Problem: In the entries below, find the line with "Digital Camera, 1.3M Pixel, 16 x 4Mbit SDRAM" and the line with "Photo of Bedroom in Isola delle Femmine". Print those two and everything between them exactly, and nothing else.

Material for the task:
========

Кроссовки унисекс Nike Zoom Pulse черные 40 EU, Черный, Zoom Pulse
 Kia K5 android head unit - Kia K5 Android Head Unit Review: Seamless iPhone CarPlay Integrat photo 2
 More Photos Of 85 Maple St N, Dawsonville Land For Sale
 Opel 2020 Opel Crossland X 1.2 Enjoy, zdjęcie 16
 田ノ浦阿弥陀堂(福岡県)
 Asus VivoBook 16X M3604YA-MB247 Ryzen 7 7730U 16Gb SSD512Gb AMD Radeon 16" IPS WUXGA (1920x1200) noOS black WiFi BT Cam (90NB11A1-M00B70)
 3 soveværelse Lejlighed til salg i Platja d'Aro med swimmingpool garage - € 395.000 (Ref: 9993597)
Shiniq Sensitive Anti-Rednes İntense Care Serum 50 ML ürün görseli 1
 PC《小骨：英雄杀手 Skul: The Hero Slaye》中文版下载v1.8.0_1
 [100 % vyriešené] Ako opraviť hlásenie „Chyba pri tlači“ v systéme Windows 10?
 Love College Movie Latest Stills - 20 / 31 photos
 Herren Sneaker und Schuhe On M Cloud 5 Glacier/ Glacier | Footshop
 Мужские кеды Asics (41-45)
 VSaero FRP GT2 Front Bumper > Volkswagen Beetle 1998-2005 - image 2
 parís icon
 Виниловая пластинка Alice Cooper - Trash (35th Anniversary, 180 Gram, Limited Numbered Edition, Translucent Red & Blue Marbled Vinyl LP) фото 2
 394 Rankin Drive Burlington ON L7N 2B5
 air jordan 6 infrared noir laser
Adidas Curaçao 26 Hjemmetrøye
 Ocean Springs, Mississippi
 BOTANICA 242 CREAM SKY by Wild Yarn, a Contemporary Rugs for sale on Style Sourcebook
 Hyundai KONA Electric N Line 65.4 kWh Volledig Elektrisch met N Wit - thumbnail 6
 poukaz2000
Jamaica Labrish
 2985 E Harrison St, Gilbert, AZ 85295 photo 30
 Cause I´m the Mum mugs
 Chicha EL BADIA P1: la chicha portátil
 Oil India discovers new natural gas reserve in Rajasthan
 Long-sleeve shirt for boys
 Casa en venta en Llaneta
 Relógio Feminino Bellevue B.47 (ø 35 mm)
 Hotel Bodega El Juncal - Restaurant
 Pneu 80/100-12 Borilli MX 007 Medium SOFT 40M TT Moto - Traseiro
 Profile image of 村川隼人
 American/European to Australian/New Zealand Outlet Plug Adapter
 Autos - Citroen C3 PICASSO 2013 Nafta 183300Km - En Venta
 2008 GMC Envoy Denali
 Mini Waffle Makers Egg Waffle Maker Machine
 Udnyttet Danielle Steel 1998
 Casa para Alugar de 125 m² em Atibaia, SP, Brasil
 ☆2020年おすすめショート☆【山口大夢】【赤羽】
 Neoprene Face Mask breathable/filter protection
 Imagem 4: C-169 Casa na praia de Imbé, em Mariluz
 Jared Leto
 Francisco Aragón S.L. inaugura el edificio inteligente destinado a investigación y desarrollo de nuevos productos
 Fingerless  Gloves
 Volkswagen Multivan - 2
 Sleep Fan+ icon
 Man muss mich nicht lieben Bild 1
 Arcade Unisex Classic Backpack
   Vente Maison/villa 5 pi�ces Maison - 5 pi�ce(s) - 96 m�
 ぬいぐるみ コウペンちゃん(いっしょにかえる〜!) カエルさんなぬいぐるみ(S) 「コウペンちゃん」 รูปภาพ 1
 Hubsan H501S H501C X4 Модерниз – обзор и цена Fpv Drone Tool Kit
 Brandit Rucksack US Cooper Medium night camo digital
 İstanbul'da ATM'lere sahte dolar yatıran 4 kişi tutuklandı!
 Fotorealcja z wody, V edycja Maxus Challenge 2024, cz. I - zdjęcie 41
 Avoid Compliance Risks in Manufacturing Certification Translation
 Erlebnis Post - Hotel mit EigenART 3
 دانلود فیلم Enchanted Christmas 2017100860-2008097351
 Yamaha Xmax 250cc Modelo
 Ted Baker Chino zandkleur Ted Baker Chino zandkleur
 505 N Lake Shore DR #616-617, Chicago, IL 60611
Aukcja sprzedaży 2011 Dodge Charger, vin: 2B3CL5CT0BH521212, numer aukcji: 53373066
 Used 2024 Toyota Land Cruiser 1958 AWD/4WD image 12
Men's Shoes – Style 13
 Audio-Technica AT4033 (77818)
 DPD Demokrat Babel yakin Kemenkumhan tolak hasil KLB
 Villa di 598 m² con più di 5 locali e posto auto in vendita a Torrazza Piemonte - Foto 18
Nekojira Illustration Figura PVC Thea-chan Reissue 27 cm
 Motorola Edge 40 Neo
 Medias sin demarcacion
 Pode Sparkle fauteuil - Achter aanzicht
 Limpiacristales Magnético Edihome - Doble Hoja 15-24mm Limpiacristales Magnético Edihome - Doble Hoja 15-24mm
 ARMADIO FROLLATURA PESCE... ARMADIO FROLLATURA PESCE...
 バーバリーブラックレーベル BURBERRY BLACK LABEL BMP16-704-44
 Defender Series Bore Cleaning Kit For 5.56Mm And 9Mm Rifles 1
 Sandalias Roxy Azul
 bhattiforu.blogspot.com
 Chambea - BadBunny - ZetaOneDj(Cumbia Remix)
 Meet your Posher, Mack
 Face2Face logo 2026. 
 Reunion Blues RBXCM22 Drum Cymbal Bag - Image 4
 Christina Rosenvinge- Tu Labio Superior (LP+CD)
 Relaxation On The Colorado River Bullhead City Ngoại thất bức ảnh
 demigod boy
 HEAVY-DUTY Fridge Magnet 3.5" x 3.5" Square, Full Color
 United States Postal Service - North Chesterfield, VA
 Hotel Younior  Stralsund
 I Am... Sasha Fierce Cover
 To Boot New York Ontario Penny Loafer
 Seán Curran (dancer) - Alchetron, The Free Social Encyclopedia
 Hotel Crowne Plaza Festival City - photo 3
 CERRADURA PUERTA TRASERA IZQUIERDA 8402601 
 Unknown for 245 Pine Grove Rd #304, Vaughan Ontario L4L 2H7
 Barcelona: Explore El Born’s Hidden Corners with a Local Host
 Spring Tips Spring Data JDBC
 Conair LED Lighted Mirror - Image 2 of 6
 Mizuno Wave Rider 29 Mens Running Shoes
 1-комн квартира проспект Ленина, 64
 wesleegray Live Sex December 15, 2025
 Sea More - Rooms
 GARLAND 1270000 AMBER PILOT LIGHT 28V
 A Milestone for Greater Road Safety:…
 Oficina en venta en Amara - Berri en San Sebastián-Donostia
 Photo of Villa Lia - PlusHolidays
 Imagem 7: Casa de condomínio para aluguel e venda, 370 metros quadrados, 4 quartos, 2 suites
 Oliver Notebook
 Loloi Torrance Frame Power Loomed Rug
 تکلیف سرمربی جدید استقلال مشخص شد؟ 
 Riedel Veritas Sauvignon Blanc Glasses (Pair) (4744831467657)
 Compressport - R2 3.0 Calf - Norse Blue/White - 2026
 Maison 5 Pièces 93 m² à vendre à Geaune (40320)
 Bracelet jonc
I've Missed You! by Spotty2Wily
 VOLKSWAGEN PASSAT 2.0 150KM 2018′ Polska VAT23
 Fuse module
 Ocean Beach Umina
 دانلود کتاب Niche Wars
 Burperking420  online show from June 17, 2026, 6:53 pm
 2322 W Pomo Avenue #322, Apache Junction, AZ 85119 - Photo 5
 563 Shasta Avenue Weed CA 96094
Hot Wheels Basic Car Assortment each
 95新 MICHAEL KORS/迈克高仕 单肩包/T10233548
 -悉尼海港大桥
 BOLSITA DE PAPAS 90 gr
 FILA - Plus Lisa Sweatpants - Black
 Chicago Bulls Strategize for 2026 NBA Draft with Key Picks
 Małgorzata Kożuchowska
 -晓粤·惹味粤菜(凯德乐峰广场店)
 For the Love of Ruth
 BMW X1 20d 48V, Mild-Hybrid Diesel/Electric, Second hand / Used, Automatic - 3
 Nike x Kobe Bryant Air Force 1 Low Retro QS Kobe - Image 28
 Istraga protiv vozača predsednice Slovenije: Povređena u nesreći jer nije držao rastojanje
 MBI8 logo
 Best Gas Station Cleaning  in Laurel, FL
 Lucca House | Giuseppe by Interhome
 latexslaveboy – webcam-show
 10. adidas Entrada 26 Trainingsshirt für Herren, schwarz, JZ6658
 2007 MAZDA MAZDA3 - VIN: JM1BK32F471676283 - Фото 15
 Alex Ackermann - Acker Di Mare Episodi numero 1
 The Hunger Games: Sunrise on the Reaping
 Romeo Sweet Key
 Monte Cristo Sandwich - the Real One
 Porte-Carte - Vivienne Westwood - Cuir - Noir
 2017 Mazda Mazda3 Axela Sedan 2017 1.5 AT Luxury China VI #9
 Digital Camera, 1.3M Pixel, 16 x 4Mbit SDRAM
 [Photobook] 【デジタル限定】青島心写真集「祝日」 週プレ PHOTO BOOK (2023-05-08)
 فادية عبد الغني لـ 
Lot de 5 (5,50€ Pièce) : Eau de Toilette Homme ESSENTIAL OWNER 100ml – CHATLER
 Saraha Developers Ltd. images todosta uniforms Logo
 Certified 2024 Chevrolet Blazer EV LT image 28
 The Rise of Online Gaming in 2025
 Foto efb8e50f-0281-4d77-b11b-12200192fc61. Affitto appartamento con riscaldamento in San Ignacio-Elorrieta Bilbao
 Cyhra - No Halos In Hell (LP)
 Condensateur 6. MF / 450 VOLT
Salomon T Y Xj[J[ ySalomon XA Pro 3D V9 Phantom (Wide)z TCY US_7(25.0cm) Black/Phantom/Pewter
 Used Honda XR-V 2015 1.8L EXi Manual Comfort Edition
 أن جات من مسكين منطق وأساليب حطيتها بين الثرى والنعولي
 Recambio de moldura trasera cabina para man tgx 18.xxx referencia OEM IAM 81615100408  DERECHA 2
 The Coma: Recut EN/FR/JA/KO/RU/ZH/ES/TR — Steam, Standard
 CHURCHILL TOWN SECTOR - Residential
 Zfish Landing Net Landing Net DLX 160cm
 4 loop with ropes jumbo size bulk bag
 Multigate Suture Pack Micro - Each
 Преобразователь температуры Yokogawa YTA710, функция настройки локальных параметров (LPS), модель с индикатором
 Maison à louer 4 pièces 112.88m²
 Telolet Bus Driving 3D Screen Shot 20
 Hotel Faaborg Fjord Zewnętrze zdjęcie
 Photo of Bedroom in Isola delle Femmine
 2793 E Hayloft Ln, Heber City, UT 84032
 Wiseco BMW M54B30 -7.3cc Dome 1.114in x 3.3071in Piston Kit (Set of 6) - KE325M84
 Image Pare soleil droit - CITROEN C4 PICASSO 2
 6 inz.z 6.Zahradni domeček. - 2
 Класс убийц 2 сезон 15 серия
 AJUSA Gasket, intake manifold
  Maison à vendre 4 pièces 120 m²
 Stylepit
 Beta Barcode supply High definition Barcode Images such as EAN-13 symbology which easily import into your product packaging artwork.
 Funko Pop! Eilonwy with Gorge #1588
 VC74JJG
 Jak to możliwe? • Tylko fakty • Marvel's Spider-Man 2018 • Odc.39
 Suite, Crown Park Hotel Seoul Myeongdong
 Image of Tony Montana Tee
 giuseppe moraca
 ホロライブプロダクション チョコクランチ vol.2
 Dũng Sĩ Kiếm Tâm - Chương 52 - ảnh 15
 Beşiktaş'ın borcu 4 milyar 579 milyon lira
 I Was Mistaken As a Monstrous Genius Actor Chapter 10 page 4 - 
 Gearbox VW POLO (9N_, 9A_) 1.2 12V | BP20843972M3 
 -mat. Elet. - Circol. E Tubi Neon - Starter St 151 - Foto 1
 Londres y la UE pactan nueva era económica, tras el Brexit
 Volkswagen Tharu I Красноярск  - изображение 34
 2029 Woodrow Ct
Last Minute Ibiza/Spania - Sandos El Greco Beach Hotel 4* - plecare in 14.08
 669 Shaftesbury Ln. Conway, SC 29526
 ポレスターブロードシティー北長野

========

Expected output:
 Digital Camera, 1.3M Pixel, 16 x 4Mbit SDRAM
 [Photobook] 【デジタル限定】青島心写真集「祝日」 週プレ PHOTO BOOK (2023-05-08)
 فادية عبد الغني لـ 
Lot de 5 (5,50€ Pièce) : Eau de Toilette Homme ESSENTIAL OWNER 100ml – CHATLER
 Saraha Developers Ltd. images todosta uniforms Logo
 Certified 2024 Chevrolet Blazer EV LT image 28
 The Rise of Online Gaming in 2025
 Foto efb8e50f-0281-4d77-b11b-12200192fc61. Affitto appartamento con riscaldamento in San Ignacio-Elorrieta Bilbao
 Cyhra - No Halos In Hell (LP)
 Condensateur 6. MF / 450 VOLT
Salomon T Y Xj[J[ ySalomon XA Pro 3D V9 Phantom (Wide)z TCY US_7(25.0cm) Black/Phantom/Pewter
 Used Honda XR-V 2015 1.8L EXi Manual Comfort Edition
 أن جات من مسكين منطق وأساليب حطيتها بين الثرى والنعولي
 Recambio de moldura trasera cabina para man tgx 18.xxx referencia OEM IAM 81615100408  DERECHA 2
 The Coma: Recut EN/FR/JA/KO/RU/ZH/ES/TR — Steam, Standard
 CHURCHILL TOWN SECTOR - Residential
 Zfish Landing Net Landing Net DLX 160cm
 4 loop with ropes jumbo size bulk bag
 Multigate Suture Pack Micro - Each
 Преобразователь температуры Yokogawa YTA710, функция настройки локальных параметров (LPS), модель с индикатором
 Maison à louer 4 pièces 112.88m²
 Telolet Bus Driving 3D Screen Shot 20
 Hotel Faaborg Fjord Zewnętrze zdjęcie
 Photo of Bedroom in Isola delle Femmine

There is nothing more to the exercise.